• **INSTRUCTIONS FOR THE TASK**
Omitting all pictures, print the lines of the listing from the one containing "AMD Ryzen AM5" through the final line, both ends included, with no other text.

------ STORED DATA ------

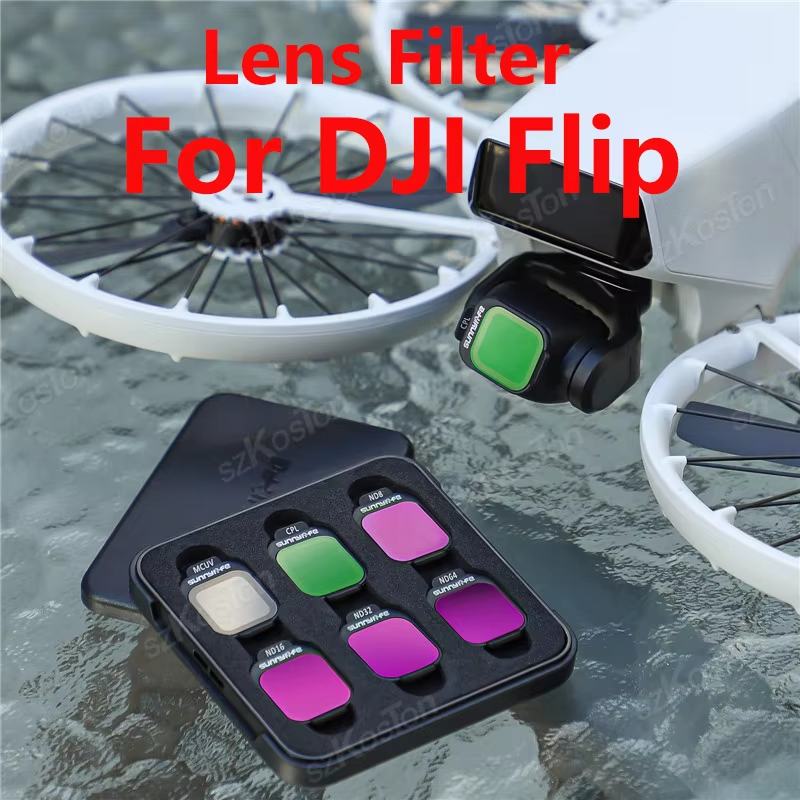 For DJI Flip Lens Filter Kit C - огляд і ціна Drone Kit Build Yourself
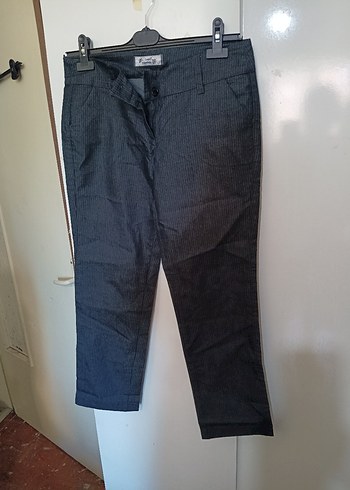 Gri Kadın Midi Denim Pantolon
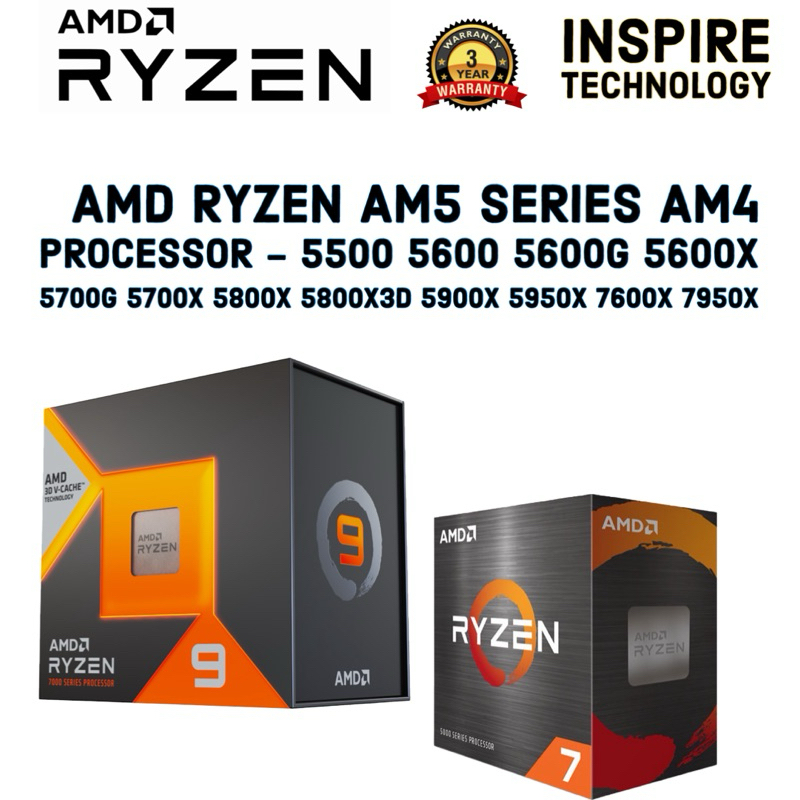 AMD Ryzen AM5 series AM4 Processor - 5500 5600 5600G 5600X 5700G 5700X ...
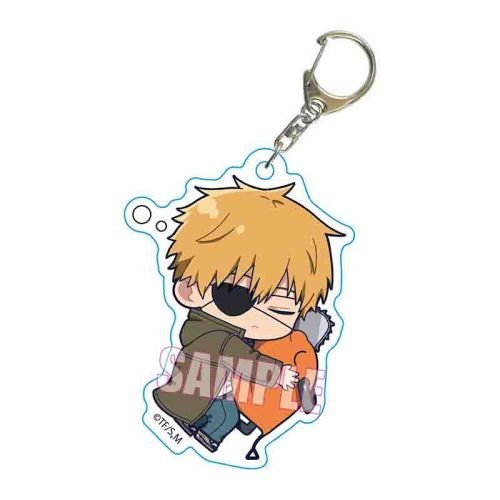 [Chainsaw Man] Petit Memo! Acrylic Key Ring - Denji & Pochita - Otaku Collectives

------

• **EXERCISE RESPONSE**
 AMD Ryzen AM5 series AM4 Processor - 5500 5600 5600G 5600X 5700G 5700X ...
 [Chainsaw Man] Petit Memo! Acrylic Key Ring - Denji & Pochita - Otaku Collectives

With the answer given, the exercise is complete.